::: DATASET EXCERPT

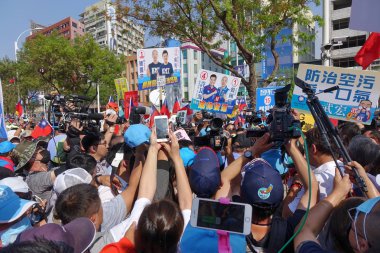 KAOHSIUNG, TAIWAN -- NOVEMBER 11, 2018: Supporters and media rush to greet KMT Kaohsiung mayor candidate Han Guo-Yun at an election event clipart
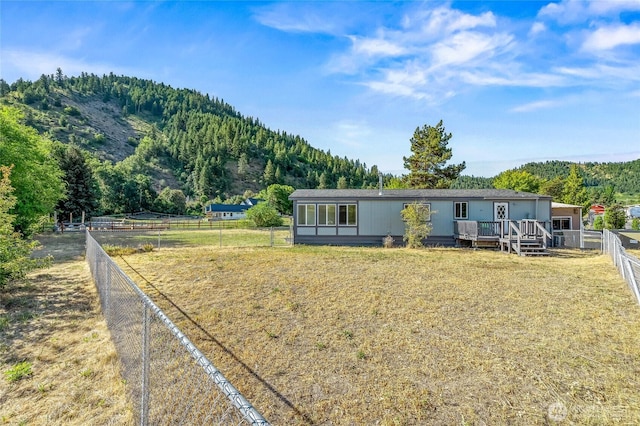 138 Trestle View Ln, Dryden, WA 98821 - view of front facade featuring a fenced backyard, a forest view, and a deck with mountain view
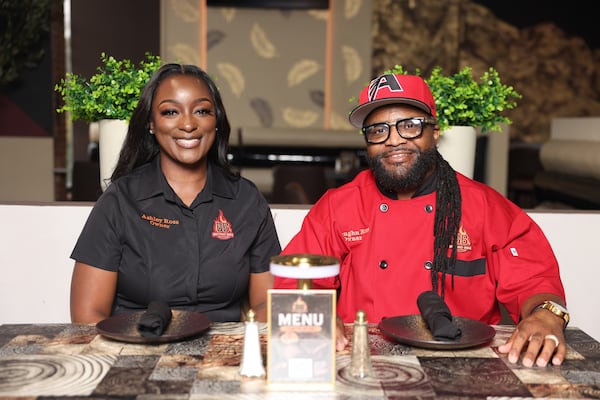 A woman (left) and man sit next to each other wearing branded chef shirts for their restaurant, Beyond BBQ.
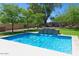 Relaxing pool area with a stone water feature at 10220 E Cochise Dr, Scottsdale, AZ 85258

::::::

TASK STATEMENT:
What you need to copy is the run of lines from the one holding "A woman (left)" through the end of the data, exactly and only, both ends included, pictures omitted.

EXERCISE OUTPUT:
 A woman (left) and man sit next to each other wearing branded chef shirts for their restaurant, Beyond BBQ.
 Relaxing pool area with a stone water feature at 10220 E Cochise Dr, Scottsdale, AZ 85258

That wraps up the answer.